Don't Let High Mortgage Rates Hold You Back

Interest rates suck. They are higher than they’ve been in years, so thinking about locking that pain in for years to come in the form of monthly mortgage payments is not a warm fuzzy. That’s making a lot of people sit tight, and rightly so! But not everyone has that luxury, so if you’re looking to purchase a home in this economic environment, you may not like what you’re seeing. But fear not! All hope is not lost. We’ve got some tips for how you can minimize the damage.
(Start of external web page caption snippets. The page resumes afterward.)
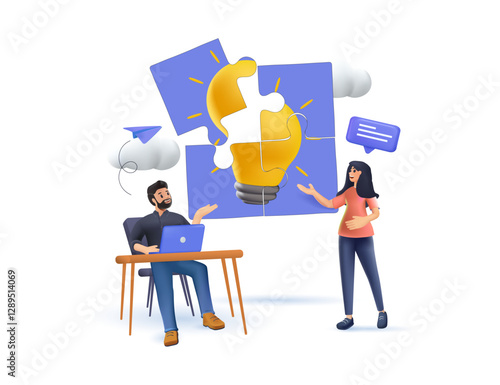 Team working on analyzing the factors or causes contributing to the unwanted situation. 3D illustration. Problem solving, find solutions, problem-solving techniques. Illustration for website, landing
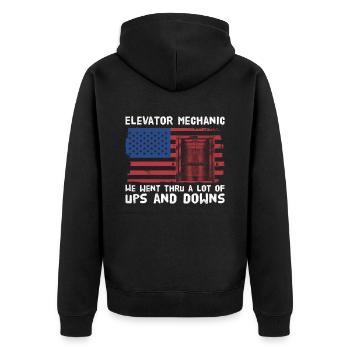 Aufzugsmechaniker-design Für Einen - Veste à capuche bio Premium Unisexe - noir - Dos - Nico (187cm)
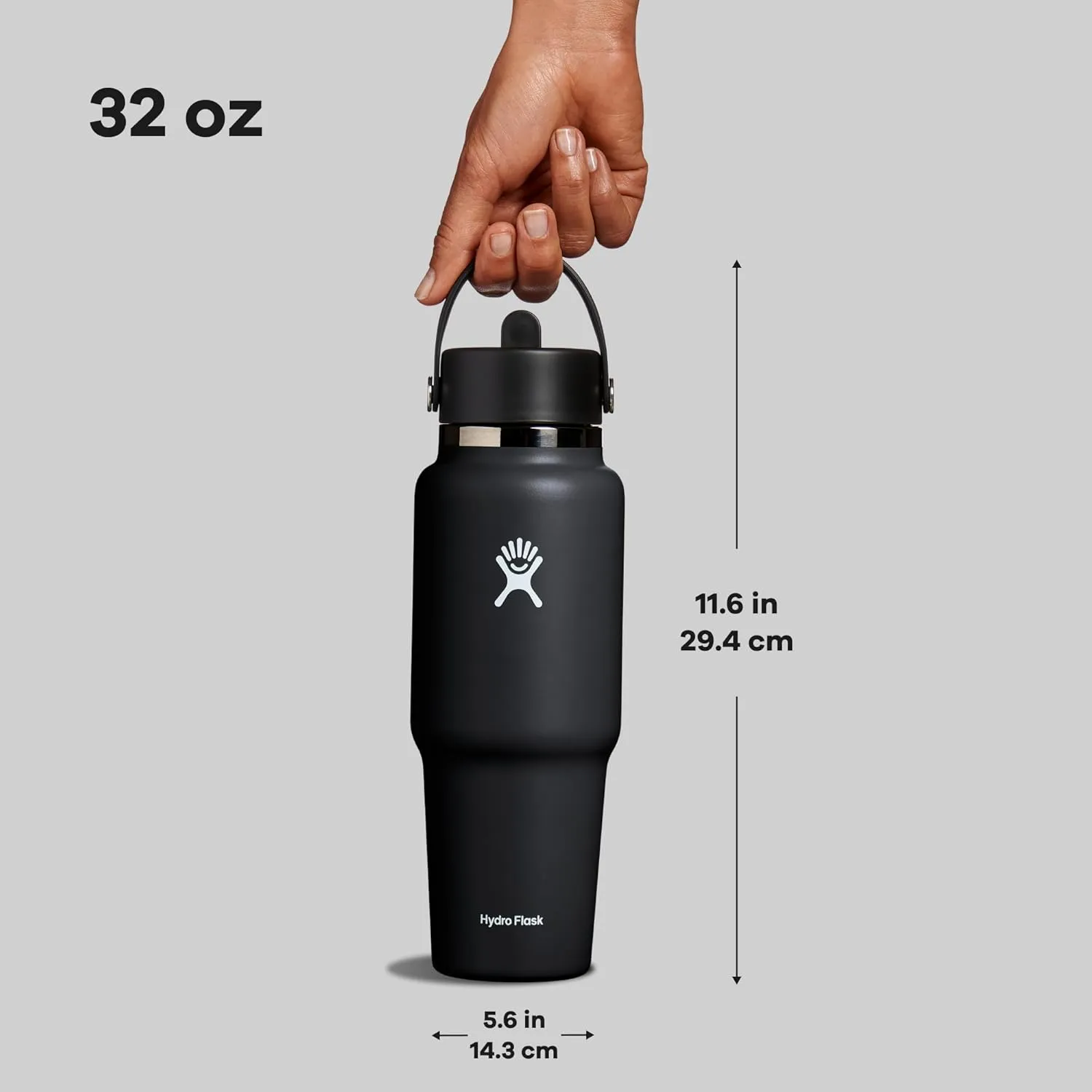 Hydro Flask 32 Oz Wide Flex Straw Travel Bottle Black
Here are Five Fast Facts on navigating high mortgage rates:

  1. 🔍 Proper Perspective - First off, let’s have some perspective. Interest rates right now are around 7-8%. That’s a lot more than the 2-3% from pre-pandemic, but it’s not remotely as bad as the historic highs of 18-20% back in the late 1970s or early 1980s. So it could be worse!
  1. 📉 It’s The Principle - One thing you can do to ease the pain a bit is to reduce the mortgage principle (meaning not the interest). Increase your down payment, buy a home a little further out of town, or consider a fixer-upper. All of those things will help reduce the amount you have to finance. 
  1. 🗺️ Have A Roadmap - Make sure you have a plan! Just because the rate is high now doesn’t mean it’ll stay that way (odds are good it won’t). So plan to refinance when it becomes beneficial, meaning when your lower rate will make up for the cost of the refinance (usually around $5k dollars). With refinancing, it’s not “location, location, location” so much as “timing, timing, timing.”
  1. 🔧 Make Adjustments - There are a number of adjustments your lender may allow. A mortgage buydown lets you pay more upfront to get a lower rate, and recasting is where the lender may recalculate the monthly payment based on remaining balance (this could work if you’ve been paying for a while, or if you drop a big cash payment). The point is, there are options, so ask your lender and see what you can work out.
  1. 👍 Tried And True - There are some “old fashioned” ways to save. Build good credit scores, avoid taking on debt, and shop around for the best terms. And of course, if you make extra payments to the principal it will save big bucks in the long run.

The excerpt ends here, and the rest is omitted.